Friday, April 30, 2010

Kaggle - a home for data mining challenges

I got a promotional email today from a new project called Kaggle. Somewhat related to Innocentive, this project aims to connect challenging problems with people that have the right set of skills to solve them. Kaggle is more specifically aiming to host prediction challenges and should appeal more to the data mining communities. For example, the site is currently hosting a challenge about HIV progression where problem solvers are giving a training dataset and asked to predict improvement in a patient's viral load.

I sent a few questions to Anthony Goldbloom (who works for Kaggle) to get a better idea of what the site is about:

Could you just tell me a bit about the company ? 
The project was inspired by an internship I did as a journalist in London in 2008, when I wrote about the use of data by organizations. I am an econometrician by training and I was excited to see the principles we use to forecast economic growth, inflation etc, being applied by organizations. I returned to Australia and resolved to get involved in the broader analytics community. That's how Kaggle was born.  

It looks like a young startup, is this right?
The project is only two weeks old and we've been thrilled with the response - we've attracted over 6,000 unique visitors. 

We launched the Eurovision contest to get things going. In the last few days we released the HIV Progression Prediction competition. This was my introduction to bioinformatics, which seems like a fascinating area - we're hoping to attract more such competitions. Perhaps your readers have ideas or data

Does the name mean anything ?
The name doesn't mean anything. I got tired of coming up with great names and finding they were taken (and that the owner would only sell for $xx,xxx). As a young project,  our funds could be better spent elsewhere, so I built a program that iterated over different combinations of letters and printed a list of available and phonetic domain names. (I put this program on the web for others in a similar situation.) 

How do you hope to be different from what Innocentive is doing ?
The project is solely focused on data competitions. This enables us to offer services - e.g. to help our clients frame their problems, anonymize their data,  etc. 

The platform is also easily extensible, so we can modify it to suit the specific needs of different data competitions. 

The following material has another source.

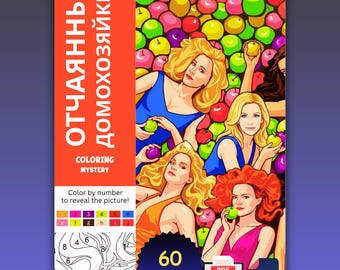 Mystery Coloring By Number Favorite Series, Coloring Book, Color by Numbers, Print & Use on Tablet, PDF + PNG, Best Quality, Vol Ruso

We will host a rating system/league table, so that statisticians can use strong performances to market themselves. The rating system also allows us to host forecasting competitions, since the competition host will know who has a track record of forecasting well (and therefore who to pay attention to).

In the medium term, we plan to also offer a tender system, so that consultants can bid for work from organizations and researchers all over the world. From the organization's perspective, the rating system means they know what they're paying for. From the consultant's perspective, they don't have to waste time touting for work and they get access to interesting clients and datasets.